Other Times
100 Years Ago – 1916: Wide interest has been roused in the case of the three Pennsylvania Military College students, athletes of the college, who are charged with aggravated assault and battery on a Philadelphia dentist who acted us referee during a basketball game last winter. The victim testifed it was the fifth game he had refereed at the PMC but the first lost by the home team. Yates had many times called fouls against the home team during the game.
75 Years Ago – 1941: The secret suspension of eight Upper Darby High School seniors for drinking on their class trip to New York was revealed at a meeting of the Upper Darby School Board. The revelation came when Mrs. Anna Murphy, of Stonehurst, pleaded the case of a boy who lives near her, who would not be graduated next week. Albert J. Williams, president of the board, was startled by Mrs. Murphy’s statement. “Why wasn’t the board notified?” he asked William Sampson, superintendent of schools.

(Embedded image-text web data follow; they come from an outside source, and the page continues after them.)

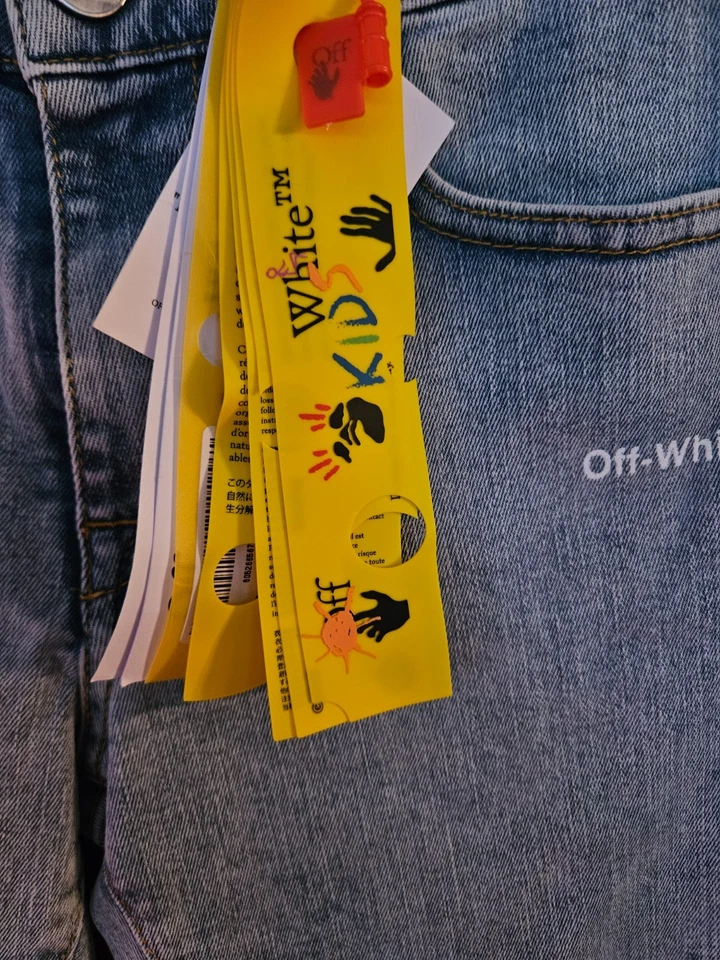 PANTALONES VAQUEROS OFF-WHITE™ NIÑOS Talla 8 Minorista $450.00 Foto 3 de 4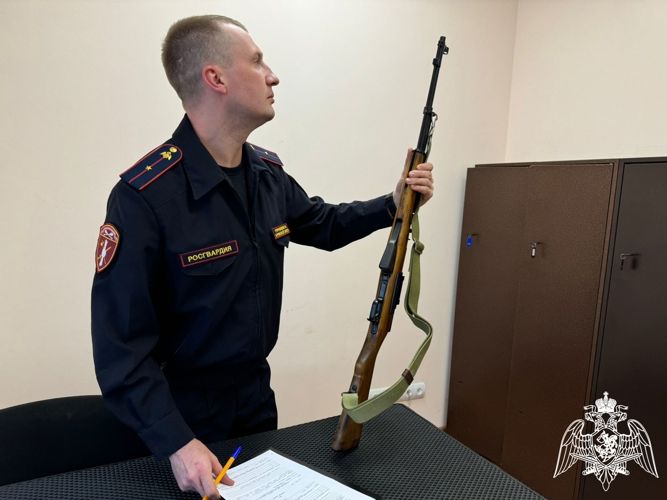 За неделю 150 брянских владельцев оружия проверили росгвардейцы
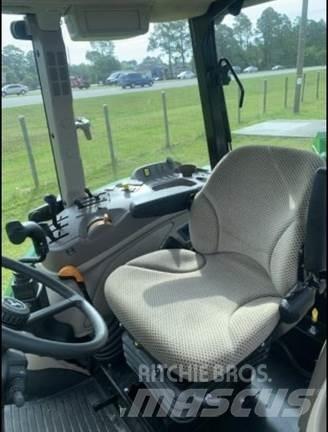 John Deere 5100E トラクター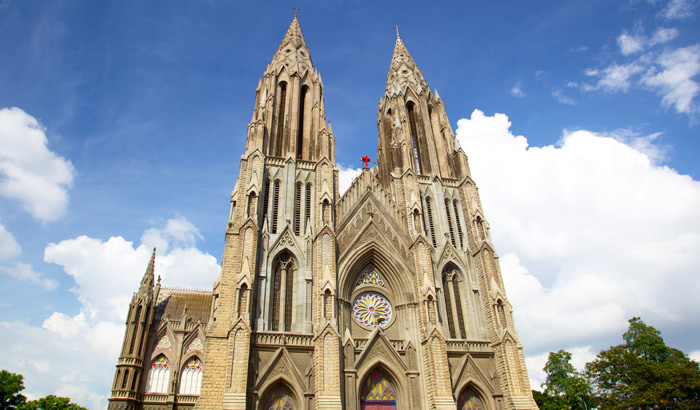 ಮೈಸೂರು: ಕ್ರೈಸ್ತರ ಪ್ರಾರ್ಥನೆ ವೇಳೆ ಚರ್ಚ್ ಬಳಿ ನಿಂತು ಒಗ್ಗಟ್ಟು ಪ್ರದರ್ಶಿಸಲು ಮುಸ್ಲಿಮರಿಗೆ ಕರೆ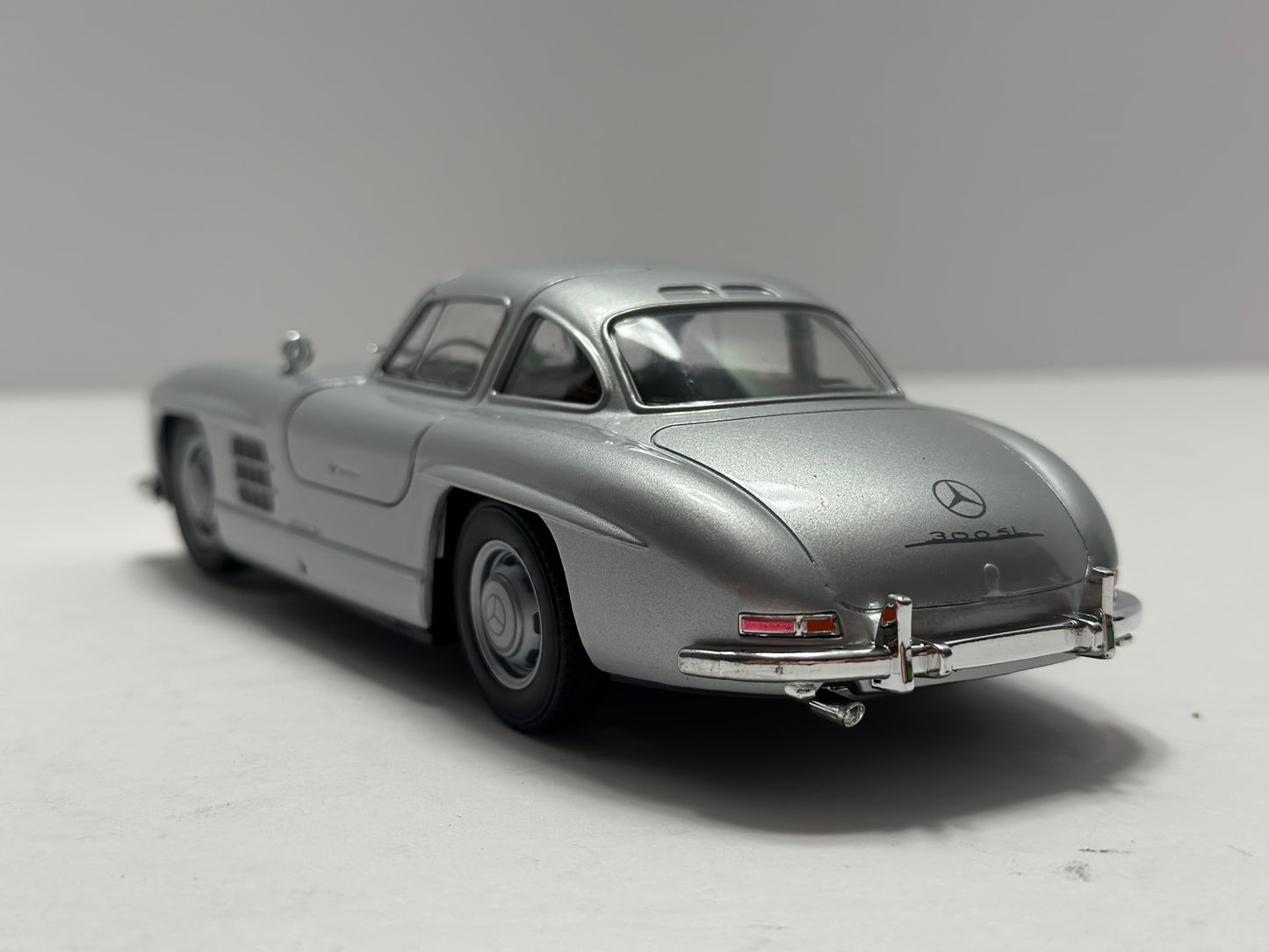 Welly 1:24 1954 Mercedes-Benz 300SL Silver Diecast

Sampson said that the matter was discussed by the board’s instructions committee.
50 Years Ago – 1966:
Two of the three Bethel supervisors have asked the Delaware County Republican Party to remove U.S.
Rep. G. Robert Watkins of Birmingham as the township’s representative on the powerful Republican Board of Supervisors (War Board). They charged Watkins with “utter neglect insofar as his duties to us and members of the Republican Party who reside in this area.”
25 Years Ago – 1991:
Boeing Helicopters voluntarily suspended flight tests of the V-22 Osprey in the wake of this week’s crash of a prototype of the tilt-rotor aircraft. The crash, during the maiden of the fifth Osprey prototype, occurred just after one of the pilots said he “didn’t like the way it was handling,” according to
Timothy D. Fehr, V-22 program president.
10 Years Ago – 2006:
Nether Providence officials have gone on record as being opposed to intense development of a nearly 80-acre “pristine and unspoiled” property in Middletown known as the Elwyn tract or Mineral Hill. The site is immediately adjacent to Ridley Creek. As such, it is “just upstream from a major drinking water intake that supplies drinking water to residents of Nether Providence Township and Media Borough,” a letter from Board of Commissioners President Lin Floyd notes.